Followed by an english poem that I now understand is only the very loosest of translations of the japansese line above:

Great robe of liberation
Field far beyond form and emptiness
Wearing the tathgatha's teaching
Saving all beings.

In practice this chant is done with the buddha's robe (either okesa - priest robe, or rakusu -  lay robe) placed on one's head, but still sitting in zazen posture, so it is a continuation of the period of meditation.  On this one level it is a ceremony of dedicating our robe as we begin the day.  But even before I sewed a lay robe or rakusu, i always loved this chant.  I didn't have anything on my head to dedicate, but I knew or felt this "robe of liberation" was actually our practice.  A formless robe we were weaving by our sitting.  And not that "we," ourselves, are exactly doing anything to weave it.  Maybe it felt more like we are this robe, and we sit to actualize that.  The term "field" in the english verse alludes to the fact that the pattern that both the okesa and the rakusu (they are the same, just different sizes) are sewn into was designed by the Buddha, and was meant to look like a rice field - square shapes like seedling beds crisscrossed by the lines of canals.  So, we wear this robe, but also the earth itself is this robe.  There is no place where this robe is not.  That is the feeling of connection these words can sometimes bring.
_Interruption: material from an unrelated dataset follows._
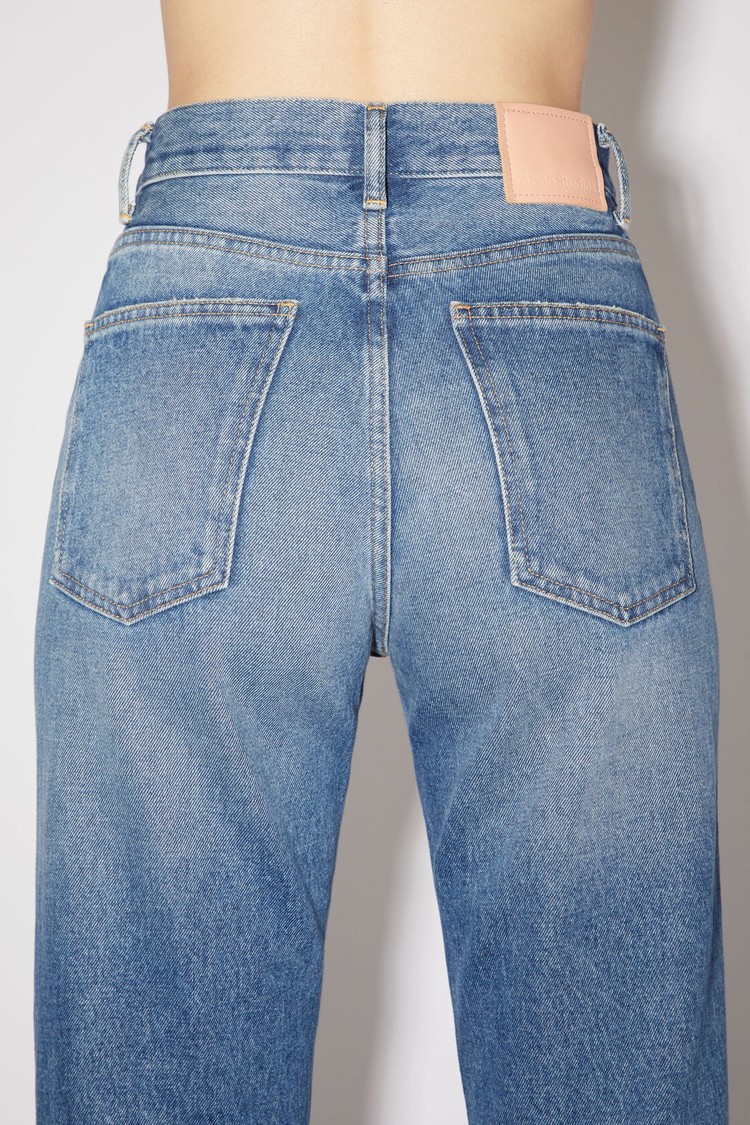 Blue Acne Studios Regular Fit - 1977 Women's Jeans | GDTB-05928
When Suzuki Roshi first had American students, and I'm assuming before the addition of the 3rd verse in English, one of his students once asked him, "What is the meaning of this chant we do at the end of morning zazen?"  What are we actually saying when we repeat these Japanese syllables?  The way that I've heard this story is that Suzuki Roshi paused, like perhaps he was thinking of explaining it, or maybe mulling over a translation on the spot, and then he just said, "Love.  It means love."